Почему же Павленков не воспользовался такой возможностью, как побег из ссылки? Несмотря на то, что железные дороги в Вятском крае в то время отсутствовали, выбраться из этих мест тайно можно было. За период с 1860 по 1870 год, как видно из списков канцелярии губернатора, семь ссыльных успешно осуществили побег. Из воспоминаний В. Г. Короленко, который ссылается на рассказ самого Флорентия Федоровича, известно, что и Павленков нелегально выбирался из Вятки в Петербург. Однако покинуть Родину насовсем, отправиться в эмиграцию — для Павленкова было неприемлемым, противоречило его внутренним убеждениям. Он хотел работать и жить вместе со своим народом, нести ему знания, культуру.

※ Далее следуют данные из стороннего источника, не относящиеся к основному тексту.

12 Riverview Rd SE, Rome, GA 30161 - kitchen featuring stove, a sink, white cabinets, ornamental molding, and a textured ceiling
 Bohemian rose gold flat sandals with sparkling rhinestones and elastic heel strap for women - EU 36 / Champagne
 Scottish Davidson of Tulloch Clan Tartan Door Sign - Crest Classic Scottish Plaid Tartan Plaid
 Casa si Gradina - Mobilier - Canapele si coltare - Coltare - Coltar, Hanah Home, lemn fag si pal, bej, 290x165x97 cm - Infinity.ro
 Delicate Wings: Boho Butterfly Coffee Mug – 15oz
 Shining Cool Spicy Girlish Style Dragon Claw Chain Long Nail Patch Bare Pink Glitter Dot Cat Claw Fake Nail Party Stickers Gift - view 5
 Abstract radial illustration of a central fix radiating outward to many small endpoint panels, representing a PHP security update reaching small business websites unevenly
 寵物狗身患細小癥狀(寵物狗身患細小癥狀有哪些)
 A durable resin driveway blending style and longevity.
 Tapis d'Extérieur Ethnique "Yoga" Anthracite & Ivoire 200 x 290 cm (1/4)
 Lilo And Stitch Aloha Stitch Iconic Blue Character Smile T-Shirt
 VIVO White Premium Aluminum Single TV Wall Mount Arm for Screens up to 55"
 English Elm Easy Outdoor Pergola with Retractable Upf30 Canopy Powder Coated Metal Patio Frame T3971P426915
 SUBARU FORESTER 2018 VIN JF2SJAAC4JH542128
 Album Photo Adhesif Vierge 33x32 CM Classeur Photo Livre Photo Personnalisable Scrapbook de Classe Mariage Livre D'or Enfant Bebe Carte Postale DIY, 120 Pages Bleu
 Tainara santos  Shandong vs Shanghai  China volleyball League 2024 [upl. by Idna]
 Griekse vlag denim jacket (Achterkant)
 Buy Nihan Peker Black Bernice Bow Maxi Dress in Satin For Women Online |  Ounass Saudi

«Павленков все более и более приходил к сознанию, — писал В. Д. Черкасов, — что жизнь за границей (а ведь только туда ему и можно было переселиться) далеко не удовлетворит его, что там у него не будет и не может быть дела, которому он себя посвятил в России и которое для него представляется возможным только на Родине…Это соображение удерживало его на месте ссылки… Для него не представлялось возможности изменить своему делу, и более, чем когда-либо, он чувствовал себя связанным с Родиной». Это же подтверждает и Н. А. Рубакин, рассказавший о своих беседах с Флорентием Федоровичем. Несмотря на все гнусности, какие над издателем проделывали разные власти, он не пожелал бежать за границу и стать эмигрантом, а предпочитал «поражать врага изнутри».

Был отвергнут Флорентием Павленковым, за его нереальностью и наивностью, и другой план освобождения. Через кого-то предполагалось условиться с какой-нибудь красавицей из третьестепенных актрис, убедить ее за более или менее внушительный куш явиться не то к министру внутренних дел, не то к шефу жандармов, броситься перед ним на колени, умолять его, рыдая, об освобождении из ссылки ее жениха Павленкова…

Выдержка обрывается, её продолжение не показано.